▶ [What the task asks]:
Return the whole listing exactly, omitting the pictures.
Start of Data segment
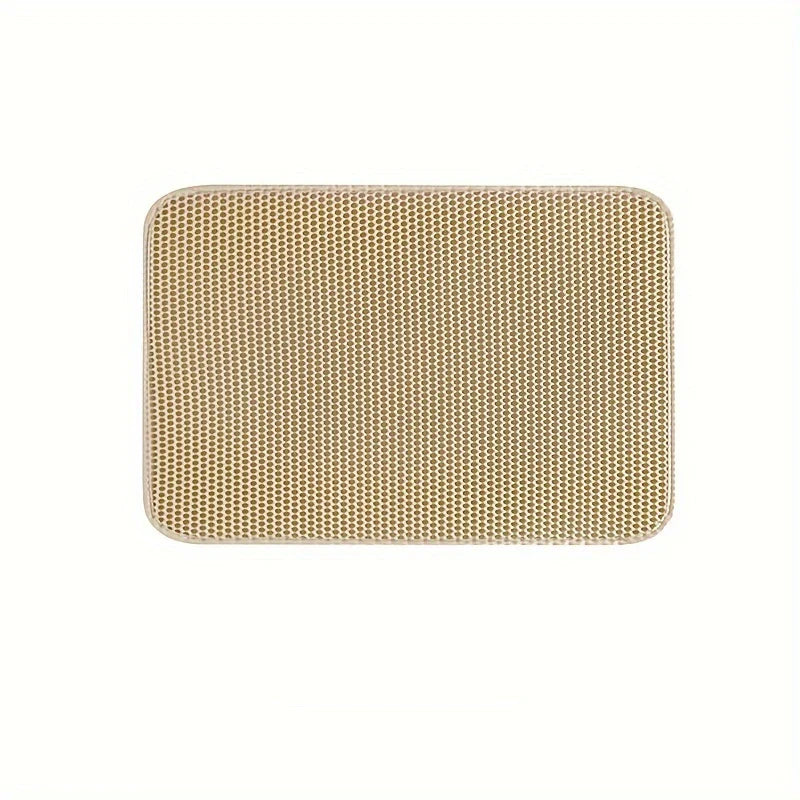Cat Litter Mat-Advanced Honeycomb Double Layer Design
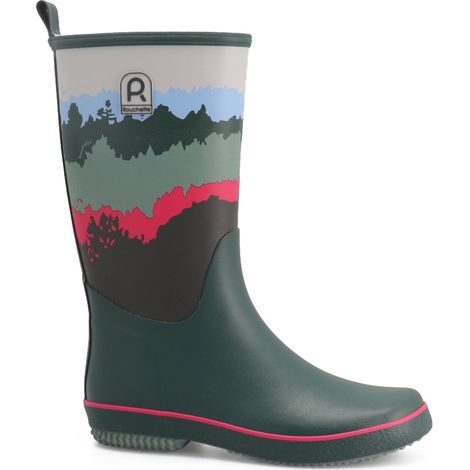 ROUCHETTE Botte HORIZON - Coloris Vert - 40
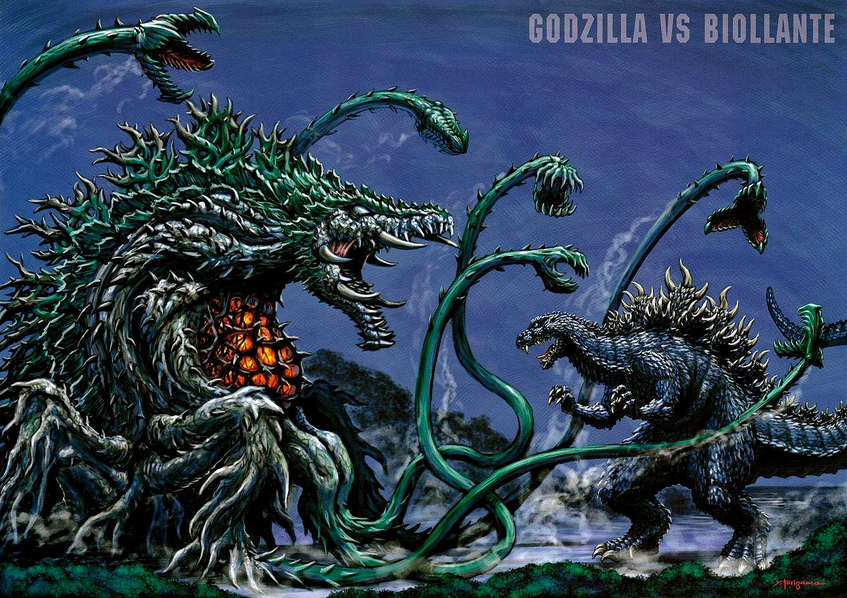 Godzilla vs. Biollante movie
End of Data segment
▶ [Answer to the exercise]:
Cat Litter Mat-Advanced Honeycomb Double Layer Design
 ROUCHETTE Botte HORIZON - Coloris Vert - 40
 Godzilla vs. Biollante movie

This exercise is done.